EXERCISE =>
Keeping every character intact, repeat the whole listing.

SOURCE RECORDS =>
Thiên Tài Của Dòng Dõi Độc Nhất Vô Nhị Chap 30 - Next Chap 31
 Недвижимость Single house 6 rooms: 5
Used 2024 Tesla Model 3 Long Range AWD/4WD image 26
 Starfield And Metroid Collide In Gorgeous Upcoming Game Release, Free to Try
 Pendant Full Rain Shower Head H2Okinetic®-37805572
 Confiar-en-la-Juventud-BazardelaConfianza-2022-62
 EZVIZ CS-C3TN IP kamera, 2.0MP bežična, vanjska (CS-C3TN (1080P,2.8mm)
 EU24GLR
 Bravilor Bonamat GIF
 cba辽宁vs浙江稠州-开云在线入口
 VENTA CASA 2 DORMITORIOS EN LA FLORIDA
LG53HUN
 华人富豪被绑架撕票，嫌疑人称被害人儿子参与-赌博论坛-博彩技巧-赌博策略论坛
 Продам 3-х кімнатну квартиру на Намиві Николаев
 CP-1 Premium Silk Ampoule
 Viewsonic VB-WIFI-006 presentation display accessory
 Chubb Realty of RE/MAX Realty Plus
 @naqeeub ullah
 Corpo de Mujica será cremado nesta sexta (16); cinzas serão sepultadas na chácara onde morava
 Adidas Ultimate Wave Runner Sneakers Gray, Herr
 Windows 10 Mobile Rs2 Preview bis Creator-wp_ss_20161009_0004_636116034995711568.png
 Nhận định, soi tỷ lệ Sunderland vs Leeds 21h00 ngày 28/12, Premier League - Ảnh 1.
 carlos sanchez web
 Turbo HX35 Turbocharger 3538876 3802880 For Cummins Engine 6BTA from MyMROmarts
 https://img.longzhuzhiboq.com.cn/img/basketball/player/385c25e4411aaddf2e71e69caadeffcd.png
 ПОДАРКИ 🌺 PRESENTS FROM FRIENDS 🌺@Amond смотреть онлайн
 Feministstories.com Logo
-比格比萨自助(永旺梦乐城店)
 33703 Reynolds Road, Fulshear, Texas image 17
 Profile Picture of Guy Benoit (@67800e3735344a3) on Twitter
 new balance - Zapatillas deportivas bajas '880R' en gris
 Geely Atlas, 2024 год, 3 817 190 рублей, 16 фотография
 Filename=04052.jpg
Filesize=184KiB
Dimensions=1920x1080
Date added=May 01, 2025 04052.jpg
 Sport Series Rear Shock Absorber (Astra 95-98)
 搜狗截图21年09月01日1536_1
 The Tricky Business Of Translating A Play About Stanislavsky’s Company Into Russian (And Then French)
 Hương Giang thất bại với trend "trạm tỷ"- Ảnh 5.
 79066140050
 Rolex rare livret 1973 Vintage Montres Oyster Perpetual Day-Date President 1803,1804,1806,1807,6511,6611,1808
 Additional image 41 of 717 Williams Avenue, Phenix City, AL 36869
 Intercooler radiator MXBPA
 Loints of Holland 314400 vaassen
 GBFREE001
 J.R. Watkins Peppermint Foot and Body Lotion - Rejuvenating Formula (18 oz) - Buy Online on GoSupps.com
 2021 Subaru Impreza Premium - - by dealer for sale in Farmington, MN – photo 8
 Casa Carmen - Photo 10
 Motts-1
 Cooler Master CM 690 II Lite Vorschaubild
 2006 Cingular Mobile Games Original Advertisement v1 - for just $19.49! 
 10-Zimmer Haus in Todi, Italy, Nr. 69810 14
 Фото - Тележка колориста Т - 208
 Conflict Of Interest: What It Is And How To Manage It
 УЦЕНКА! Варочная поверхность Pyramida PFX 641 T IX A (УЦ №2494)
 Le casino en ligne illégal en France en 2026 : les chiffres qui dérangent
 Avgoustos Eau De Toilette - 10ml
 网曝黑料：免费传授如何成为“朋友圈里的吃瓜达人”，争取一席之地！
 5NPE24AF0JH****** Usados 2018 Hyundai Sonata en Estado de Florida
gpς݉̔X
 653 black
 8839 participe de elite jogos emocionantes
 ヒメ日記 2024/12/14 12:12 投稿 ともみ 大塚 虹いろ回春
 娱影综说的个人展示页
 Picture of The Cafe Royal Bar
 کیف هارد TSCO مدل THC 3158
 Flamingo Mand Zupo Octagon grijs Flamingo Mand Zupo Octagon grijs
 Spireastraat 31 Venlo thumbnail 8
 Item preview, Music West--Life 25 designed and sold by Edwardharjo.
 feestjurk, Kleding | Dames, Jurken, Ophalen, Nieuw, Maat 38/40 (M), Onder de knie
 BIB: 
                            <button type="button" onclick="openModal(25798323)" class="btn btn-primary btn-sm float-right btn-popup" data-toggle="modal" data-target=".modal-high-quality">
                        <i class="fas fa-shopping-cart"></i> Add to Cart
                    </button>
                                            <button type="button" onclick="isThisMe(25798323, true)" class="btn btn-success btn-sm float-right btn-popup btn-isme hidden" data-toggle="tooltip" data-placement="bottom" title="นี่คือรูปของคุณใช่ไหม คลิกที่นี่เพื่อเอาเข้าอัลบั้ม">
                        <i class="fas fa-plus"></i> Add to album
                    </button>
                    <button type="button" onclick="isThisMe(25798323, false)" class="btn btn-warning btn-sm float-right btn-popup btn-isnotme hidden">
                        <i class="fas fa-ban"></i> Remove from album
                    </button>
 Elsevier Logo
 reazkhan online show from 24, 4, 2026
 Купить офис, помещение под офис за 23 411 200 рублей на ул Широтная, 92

ANSWER =>
Thiên Tài Của Dòng Dõi Độc Nhất Vô Nhị Chap 30 - Next Chap 31
 Недвижимость Single house 6 rooms: 5
Used 2024 Tesla Model 3 Long Range AWD/4WD image 26
 Starfield And Metroid Collide In Gorgeous Upcoming Game Release, Free to Try
 Pendant Full Rain Shower Head H2Okinetic®-37805572
 Confiar-en-la-Juventud-BazardelaConfianza-2022-62
 EZVIZ CS-C3TN IP kamera, 2.0MP bežična, vanjska (CS-C3TN (1080P,2.8mm)
 EU24GLR
 Bravilor Bonamat GIF
 cba辽宁vs浙江稠州-开云在线入口
 VENTA CASA 2 DORMITORIOS EN LA FLORIDA
LG53HUN
 华人富豪被绑架撕票，嫌疑人称被害人儿子参与-赌博论坛-博彩技巧-赌博策略论坛
 Продам 3-х кімнатну квартиру на Намиві Николаев
 CP-1 Premium Silk Ampoule
 Viewsonic VB-WIFI-006 presentation display accessory
 Chubb Realty of RE/MAX Realty Plus
 @naqeeub ullah
 Corpo de Mujica será cremado nesta sexta (16); cinzas serão sepultadas na chácara onde morava
 Adidas Ultimate Wave Runner Sneakers Gray, Herr
 Windows 10 Mobile Rs2 Preview bis Creator-wp_ss_20161009_0004_636116034995711568.png
 Nhận định, soi tỷ lệ Sunderland vs Leeds 21h00 ngày 28/12, Premier League - Ảnh 1.
 carlos sanchez web
 Turbo HX35 Turbocharger 3538876 3802880 For Cummins Engine 6BTA from MyMROmarts
 https://img.longzhuzhiboq.com.cn/img/basketball/player/385c25e4411aaddf2e71e69caadeffcd.png
 ПОДАРКИ 🌺 PRESENTS FROM FRIENDS 🌺@Amond смотреть онлайн
 Feministstories.com Logo
-比格比萨自助(永旺梦乐城店)
 33703 Reynolds Road, Fulshear, Texas image 17
 Profile Picture of Guy Benoit (@67800e3735344a3) on Twitter
 new balance - Zapatillas deportivas bajas '880R' en gris
 Geely Atlas, 2024 год, 3 817 190 рублей, 16 фотография
 Filename=04052.jpg
Filesize=184KiB
Dimensions=1920x1080
Date added=May 01, 2025 04052.jpg
 Sport Series Rear Shock Absorber (Astra 95-98)
 搜狗截图21年09月01日1536_1
 The Tricky Business Of Translating A Play About Stanislavsky’s Company Into Russian (And Then French)
 Hương Giang thất bại với trend "trạm tỷ"- Ảnh 5.
 79066140050
 Rolex rare livret 1973 Vintage Montres Oyster Perpetual Day-Date President 1803,1804,1806,1807,6511,6611,1808
 Additional image 41 of 717 Williams Avenue, Phenix City, AL 36869
 Intercooler radiator MXBPA
 Loints of Holland 314400 vaassen
 GBFREE001
 J.R. Watkins Peppermint Foot and Body Lotion - Rejuvenating Formula (18 oz) - Buy Online on GoSupps.com
 2021 Subaru Impreza Premium - - by dealer for sale in Farmington, MN – photo 8
 Casa Carmen - Photo 10
 Motts-1
 Cooler Master CM 690 II Lite Vorschaubild
 2006 Cingular Mobile Games Original Advertisement v1 - for just $19.49! 
 10-Zimmer Haus in Todi, Italy, Nr. 69810 14
 Фото - Тележка колориста Т - 208
 Conflict Of Interest: What It Is And How To Manage It
 УЦЕНКА! Варочная поверхность Pyramida PFX 641 T IX A (УЦ №2494)
 Le casino en ligne illégal en France en 2026 : les chiffres qui dérangent
 Avgoustos Eau De Toilette - 10ml
 网曝黑料：免费传授如何成为“朋友圈里的吃瓜达人”，争取一席之地！
 5NPE24AF0JH****** Usados 2018 Hyundai Sonata en Estado de Florida
gpς݉̔X
 653 black
 8839 participe de elite jogos emocionantes
 ヒメ日記 2024/12/14 12:12 投稿 ともみ 大塚 虹いろ回春
 娱影综说的个人展示页
 Picture of The Cafe Royal Bar
 کیف هارد TSCO مدل THC 3158
 Flamingo Mand Zupo Octagon grijs Flamingo Mand Zupo Octagon grijs
 Spireastraat 31 Venlo thumbnail 8
 Item preview, Music West--Life 25 designed and sold by Edwardharjo.
 feestjurk, Kleding | Dames, Jurken, Ophalen, Nieuw, Maat 38/40 (M), Onder de knie
 BIB: 
                            <button type="button" onclick="openModal(25798323)" class="btn btn-primary btn-sm float-right btn-popup" data-toggle="modal" data-target=".modal-high-quality">
                        <i class="fas fa-shopping-cart"></i> Add to Cart
                    </button>
                                            <button type="button" onclick="isThisMe(25798323, true)" class="btn btn-success btn-sm float-right btn-popup btn-isme hidden" data-toggle="tooltip" data-placement="bottom" title="นี่คือรูปของคุณใช่ไหม คลิกที่นี่เพื่อเอาเข้าอัลบั้ม">
                        <i class="fas fa-plus"></i> Add to album
                    </button>
                    <button type="button" onclick="isThisMe(25798323, false)" class="btn btn-warning btn-sm float-right btn-popup btn-isnotme hidden">
                        <i class="fas fa-ban"></i> Remove from album
                    </button>
 Elsevier Logo
 reazkhan online show from 24, 4, 2026
 Купить офис, помещение под офис за 23 411 200 рублей на ул Широтная, 92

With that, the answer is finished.